Saturday night, Debbie and I realized we had not bought wine for our Easter dinner so while she went into the grocery for a few items, I walked over to our local spirits store.
As I was walking across the parking lot, I saw one of the guys locking the front door . . . Luckily, he saw me and let me in.
The time was 9:55 PM – I realized that they were closing at 10.
There were 4 Employees in the store, and I felt nothing but impatient hostility the entire time I was there as all 4 glared at me.
All I wanted was a nice bottle of Chardonnay and a decent Zinfandel and do not know wine, so I was a bit flustered . . . feeling hurried.
I grabbed a bottle of Chardonnay and abandoned the notion of searching for the Zinfandel, paid quickly, and left.
As I was walking back across the parking lot hearing the front door lock behind me, I wondered why those guys even let me come in the store?

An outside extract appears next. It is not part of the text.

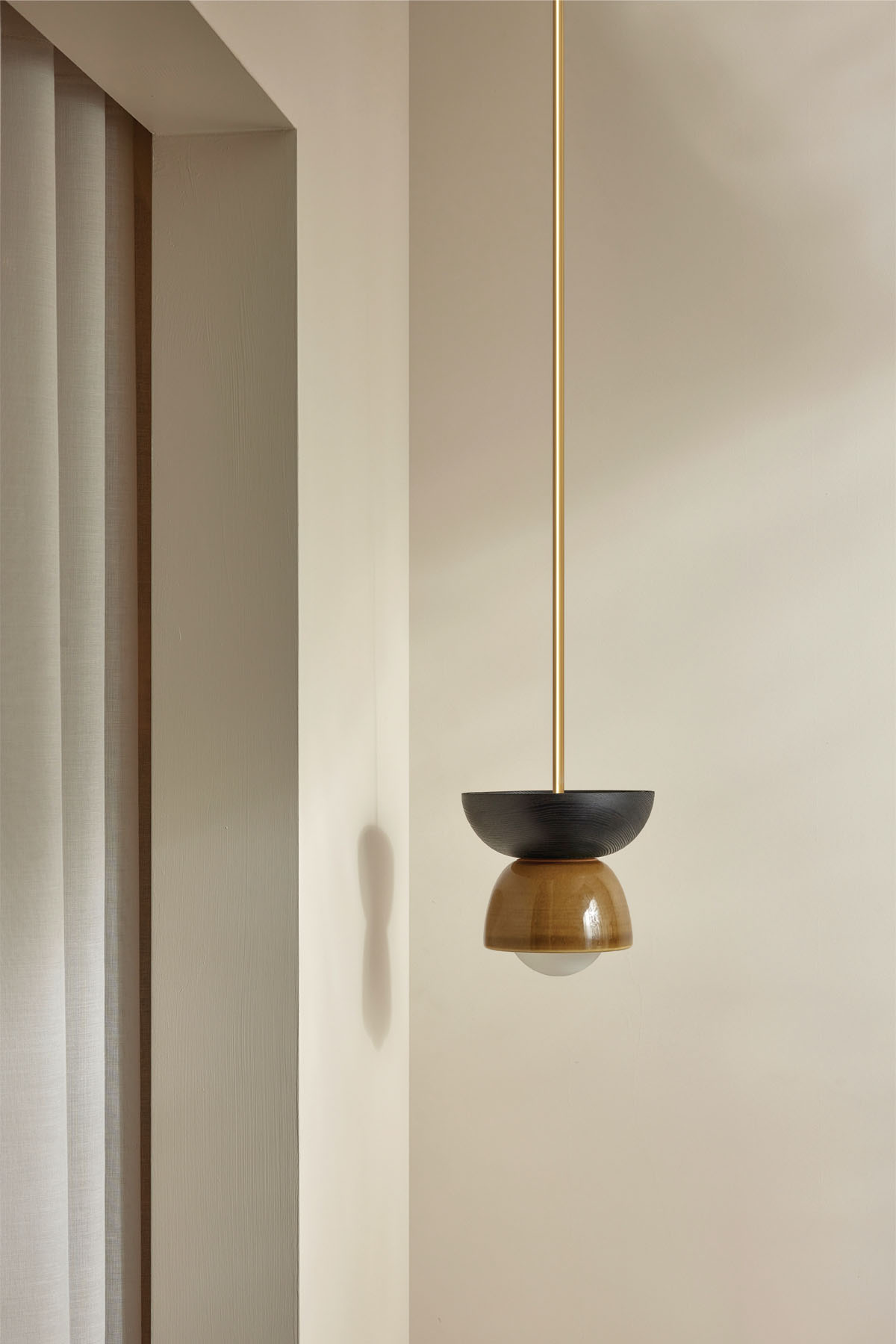 Terra 00 Pendant Light - Solid Rod Chartreuse, Blackened Ash, Brass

Clearly, I was inconveniencing them by showing up 5 minutes before closing time (I had no idea Spirits stores close that early on a Saturday night).

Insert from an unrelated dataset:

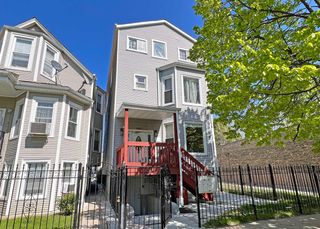 1807 N Lawndale Avenue 2, Chicago, IL 60647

They had NO intention of “serving me” . . . They just wanted me to LEAVE, so they could clock out.
Funny thing . . . If they had actually served me by helping me find what I came to fetch, I would have been out of their hair a LOT faster . . . and we all would have been happier at the end.
Instead . . . I am certain that the next time I want to buy Spirits, I will drive a little further rather than again risk being an inconvenience to the folks at “Bud’s”
I think this scenario has the possibility to play in ALL professions.
It certainly had potential to play out when I was in the restaurant business where I learned that many of my most loyal customers kept on coming back because they never felt like they were inconveniencing us by showing up.
I sometimes see this with REALTORS at the tail end of an Open House . . . If the sign says “2-4,” there may be ZERO visitors from 3-4, and promptly at 4 as we’re turning off lights, a car drives up.
THIS is a “Moment of truth” . . . Will you be welcoming and unhurried?
Will you care enough to serve?
If not . . . don’t let them in!
EVERY business has these “opportunities” virtually EVERY day.